Project manager Karl-Olof Lindahl Other project members Björn Lindenberg, Jonas Nordqvist Participating organizations Linnaeus University Financier Linnaeus University Timetable 2019– Subject Mathematics (Department of Mathematics, Faculty of Technology)
More about the project
Reinforcement learning (RL) is a hot area in machine learning and artificial intelligence that is the basis for development in robotics, image recognition, self-driving cars, and choice of stock portfolios, to name a few examples. The field is about maximizing future accumulated rewards over time for an intelligent system operating in an environment.
A key characteristic of RL is that the system's interaction with the environment can be described in terms of decision processes.

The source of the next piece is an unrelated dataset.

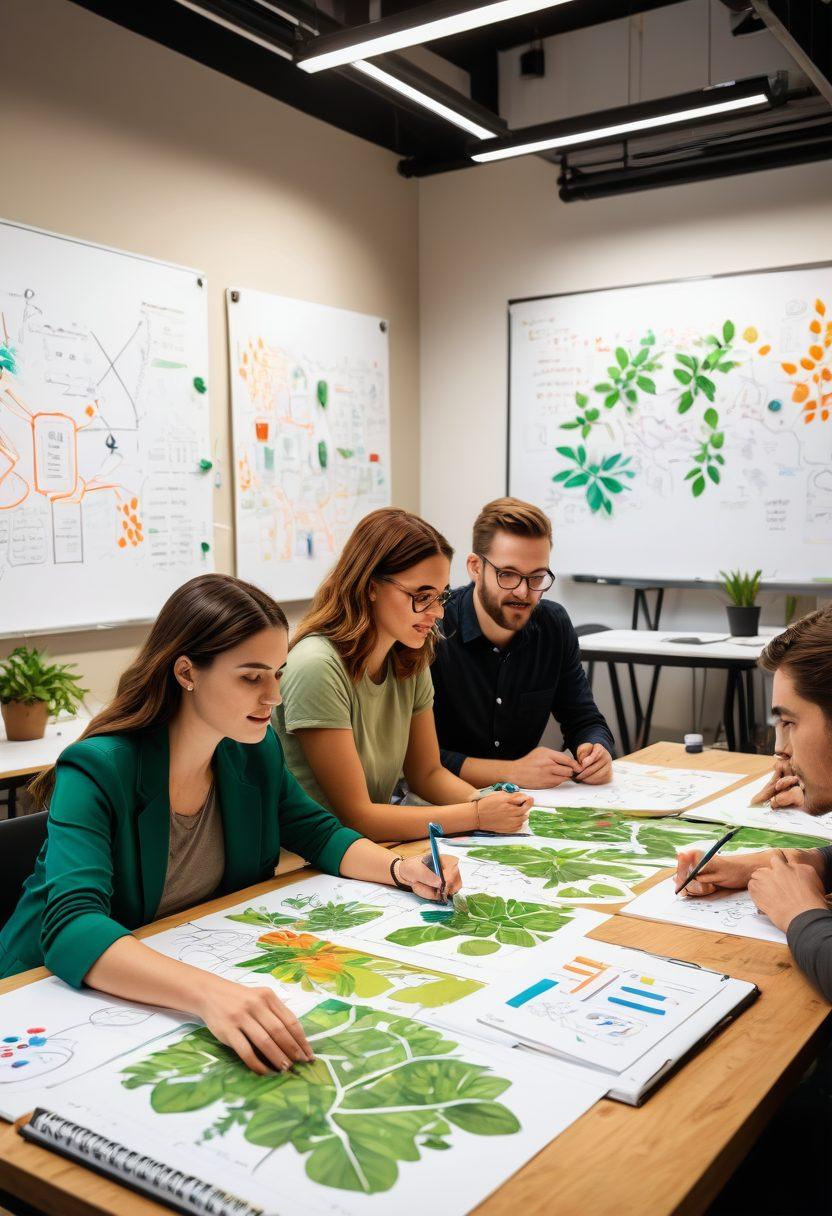 A dynamic workspace featuring diverse entrepreneurs brainstorming around a table filled with sketches and prototypes. In the background, a large whiteboard displays colorful diagrams representing innovative ideas. The atmosphere is vibrant and energetic, with warm lighting and green plants adding life to the space. Emphasize collaboration and creativity through diverse expressions on the individuals' faces. super-realistic. vibrant colors. modern design.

The focus is on finding a balance between exploring new territory and greedily utilizing current knowledge about rewards when making decisions. Our main goal is to develop robust algorithms for RL that can be used in optimization and technology development.
In particular, the project regards distributional reinforcement learning (DRL). The total reward over time is characterized in these cases by a stochastic variable whose distribution function is then to be estimated.
In DRL, convergence during iteration can give rise to superhuman strategies based on the idea of tabula rasa. That is, the machine itself can find optimal solutions in different environments without human intervention. Among other things, we work with the development of algorithms that we implement and evaluate in a standardized test suite consisting of Atari 2600 games. This gives rise to complex and multidimensional environments where algorithms use states based on screens. The performance is then compared to state-of-the-art among established algorithms in the field of RL.